Begin with the line below holding "Fuzz747 Minecraft avatar full body" and go on through the line holding "Galaxy Light Projector", duplicating each line exactly and leaving out pictures.

__________

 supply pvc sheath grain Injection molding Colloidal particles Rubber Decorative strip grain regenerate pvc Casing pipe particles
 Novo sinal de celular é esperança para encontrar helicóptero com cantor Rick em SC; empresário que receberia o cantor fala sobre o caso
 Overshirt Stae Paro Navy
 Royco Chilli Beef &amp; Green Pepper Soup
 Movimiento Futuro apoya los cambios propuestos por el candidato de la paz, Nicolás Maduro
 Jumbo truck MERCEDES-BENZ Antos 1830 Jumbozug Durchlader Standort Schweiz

__________

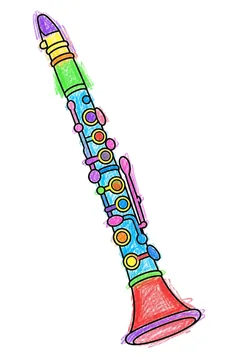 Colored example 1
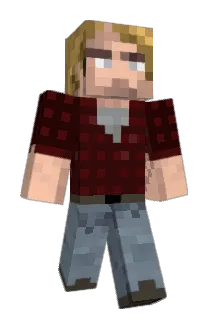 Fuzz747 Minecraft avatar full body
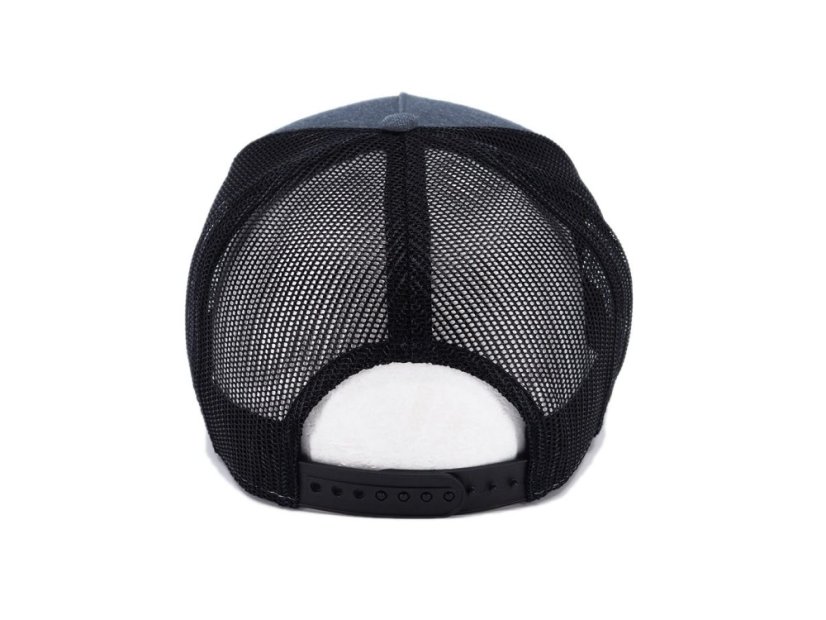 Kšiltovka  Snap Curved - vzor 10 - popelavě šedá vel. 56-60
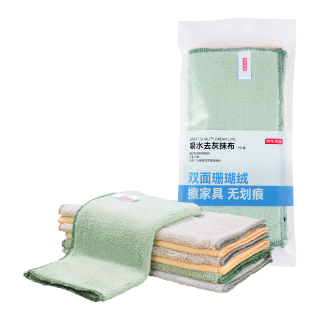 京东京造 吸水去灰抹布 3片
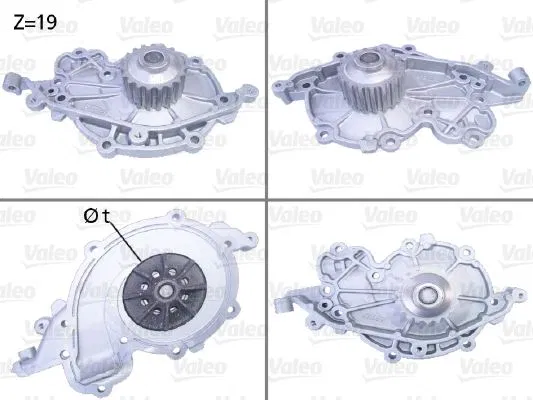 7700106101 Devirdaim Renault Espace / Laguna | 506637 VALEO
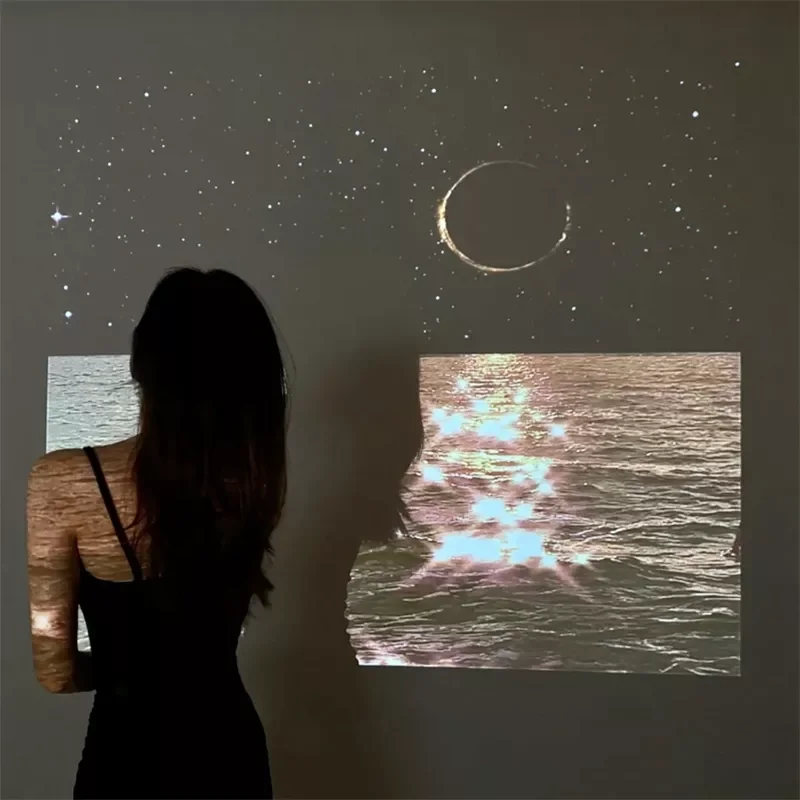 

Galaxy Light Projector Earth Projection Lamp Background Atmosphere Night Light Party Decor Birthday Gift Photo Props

__________

YOUR SOLUTION ->
 Fuzz747 Minecraft avatar full body
 Kšiltovka  Snap Curved - vzor 10 - popelavě šedá vel. 56-60
 京东京造 吸水去灰抹布 3片
 7700106101 Devirdaim Renault Espace / Laguna | 506637 VALEO

Galaxy Light Projector Earth Projection Lamp Background Atmosphere Night Light Party Decor Birthday Gift Photo Props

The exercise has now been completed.